I think that spirituality is not something defined by culture. A culture cannot be spiritual because it does not have a spirit. Sure, we can slap labels on a particular culture and play devotional music in the background and pan slowly across temples at dawn, but none of that is spirituality. It is only the appearance of spirituality.
Spirituality is more of an individual concern and may mean different things to different people. To associate it with a direction or a landmass or a population of people is not only wrong, it is also potentially dangerous because it births stereotypes that can be damaging in the long run. And there are those who believe that the spiritual label was applied to Indians to keep them from aspiring to anything resembling Western sophistication (that claim to sophistication is a different matter entirely of course). So perhaps consider this a thought experiment against Orientalism as well?
India is actually very materialistic
Have you noticed? I mean… in what universe is a culture such as ours spiritual? We kill our children’s artistic instincts so they may become better employees, tell them their love lives will damage their family’s standing in the community, force them into marriages they often don’t want, and pressurise them into becoming parents regardless of their readiness for that mammoth undertaking. We kill newborn girls because we think — I don’t know how else to put it — they cost money and aren’t useful. We bring boys up to hate women.
There is no spirituality here. This template of life is something many of us simply drop into because of the gravitational pull that our culture exerts upon us. And it has as much to do with matters of the spirit as horses have to do with indoor plumbing.
Every culture has expectations from the individuals that form it. Ours is no different. Our young people may not have to leave home and make something of themselves by a certain age, but they do have to marry a suitable match decided by their parents when they are a certain age. Our young men, much like young men in the West, have to behave like assholes just to have their masculinity acknowledged. Of course, we compensate for this by telling women that they are “goddesses” and by defining that word in very specific ways. We effectively mask our materialism with pretensions of spirituality.
The case for a spiritual West
Let’s face it. Nobody knows what “spirituality” means. And we don’t even care what it means. People use the word ‘spiritual’ in any context anywhere in order to justify anything they want (like the presently flexible “anti-national”). It’s one of those one-size-fits-all solutions that gets used to describe everything that feels good — a beach, a hill, a cup of coffee, a walk, a new iPhone, a meal, a place… the list can contain anything. It is highly subjective.

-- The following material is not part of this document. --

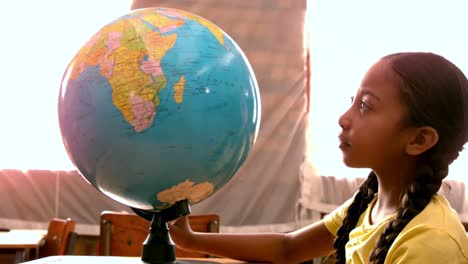 Little-girl-looking-at-globe-in-classroom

For example, consider the list of things that at least I definitely do not consider spiritual. It includes crowded places, lack of hygiene, loud noises etc. Yet, these are pretty much defining qualities of every temple I have ever been to. The more popular (sacred?) the temple, the more these qualities are in evidence.
So the word “spiritual” does not have any real meaning. If something makes you happy and satisfies an emotional need, the word can be applied.
Now ask why many people in small-town India want to visit America? What does it represent to them? What is it about being “phoren-returned” that elevates a person’s social standing among his neighbours and relatives? Mind, I am referring specifically to small-town / middle-class India and not to the other kind of Indian — the one percenter who makes weekend trips to Europe because he wouldn’t be able to handle Monday blues if he didn’t. That’s a different species of Indian altogether.
The aspect of a foreign trip that holds the most import for a small-town Indian is freedom — freedom from family, society, culture… all that. Freedom to be able to walk among a people that don’t know you and therefore perhaps may not judge you according to the standards that you have come to dread because life in the house next to the Sharmas is often meaningless and suffocating. Freedom from the race that is run on the track that is the small town.
Before someone jumps down my throat with their nuclear family and their “modern” sensibilities, let me reassert that my claim is not at all that the West is spiritual any more than my claim is that the East is material. What I am trying to get to is that the “spiritual” label that has been slapped on our collective foreheads is a limiting influence. It’s a limiting influence because not only does it trap India into an unforgiving shell, it also keeps us from thinking of the rest of the world as anything resembling spiritual. We become, in our own eyes, the very culmination of culture, religion, and all things sacred. My point was that we need to be able to see ourselves as different things.
Societies have priorities. Our priority has been an ambiguous kind of “spirituality” for some time now. But it doesn’t have to be.